Como se refere no Acórdão do Tribunal da Relação de Lisboa de 7/03/2024[7], que versa sobre um caso de contornos semelhantes ao sub iudice, “(a) habilitação deduzida deveria, pois, ter seguido os termos não da habilitação legal prevista no DL 42/2019, mas sim da habilitação processual prevista no art.º 356º do Código de Processo Civil”[8].
A tal não obstaria o facto de o incidente de habilitação de cessionário ter sido já deduzido pela sociedade «D... S.A.R.L» (apensos A e B) e julgado improcedente, face ao disposto no art.º 352º, n.º 3 do Código de Processo Civil.
Nos termos do art.º 193º nº 1 do Código Civil, “o erro na forma do processo importa unicamente a anulação dos atos que não possam ser aproveitados, devendo praticar-se os que forem estritamente necessários para que o processo se aproxime, quanto possível, da forma estabelecida pela lei”.
Pelo exposto, acordam os Juízes desta Relação em julgar procedente a apelação, anulando a decisão recorrida e ordenando que seja organizado o apenso de habilitação de cessionário.
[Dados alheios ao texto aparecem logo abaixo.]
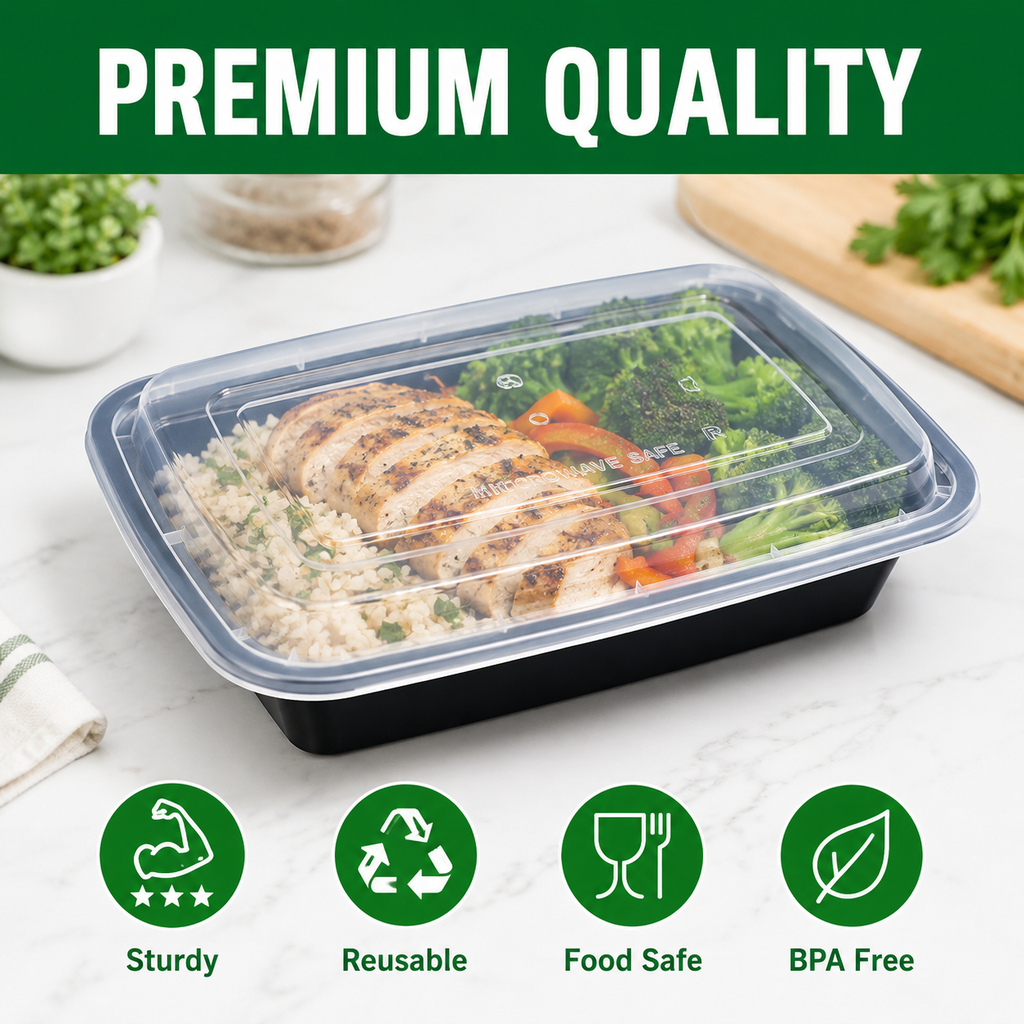 50 Pack (100-Piece) 32 oz Meal Prep Containers Reusable with Easy Open Lids, Sturdy Leakproof Food Safe, Microwave Freezer Dishwasher Safe, To Go Take Out Plastic Food Storage Pans with Lids, Black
Custas do recurso pela recorrida.
Com assinatura digital:
Hugo Meireles
Anabela Marques Ferreira
Luís Manuel Carvalho Ricardo
(O presente acórdão segue na sua redação as regras do novo acordo ortográfico, com exceção das citações/transcrições efetuadas que não o sigam)
[1] Processo n.º 5584/12.8TBSXL-D.L1-2 (Relator Jorge Leal), in www.dgsi.pt.
[2] Neste sentido o Acórdão do Tribunal da Relação de Lisboa de 21/10/2021 (Relatora Maria do Céu Silva), in www.dgsi.pt; e ainda blog ippc, Jurisprudência 2021 (209) de 01/06/2022.
[3] Processo n.º 833/13.8TBACB-C-C1 (Relator Fernando Monteiro), in www.dgsi.pt.
[4] Processo n.º 13245/19.0 T8SNT-A.L2-6 (Relator Adeodato Brotas), in www.dgsi.pt.
[5] De notar que a anterior a titularidade do crédito exequendo pela «B..., SA» radica na medida de resolução adotada pelo Banco de Portugal em 19-12-2015, relativa ao Banco 1..., SA», na sequência da qual o Banco de Portugal, em reunião extraordinária do Conselho de Administração ocorrida em 20 de dezembro de 2015, deliberou, além do mais:
“a) Constituir a sociedade “C...,, S.A. (…)”;
b) Transferir para a C..., SA,, os direitos e obrigações correspondentes a ativos do Banco 1..., S.A., constantes do anexo 2 à deliberação, nos termos e para os efeitos previstos no n.º 1 do artigo 145º-S e na alínea c) do n.º 2 do artigo 145º-T, em articulação com o n.º1 do artigo 145º-L, todos do RGICSFs;
(…)”
[6] Junta pela sociedade «D... SARL» ao apenso B (de habilitação de cessionário), a 4 de outubro de 2022
[7] Processo n.º 2304/14.6YYLSB-E.L1-8, in www.dgsi.pt
[8] Este incidente será de admitir na ação executiva, em caso de transmissão do direito de crédito exequendo (art.º 551.º, n.º 1; Salvador da Costa, Os Incidentes da Instância, 9.ª ed., p. 222, apud António Santos Abrantes Geraldes, Paulo Pimenta e Luís Filipe Pires de Sousa, Código de Processo Civil Anotado, vol. I, 2.ª edição, 2020, Almedina, p. 433).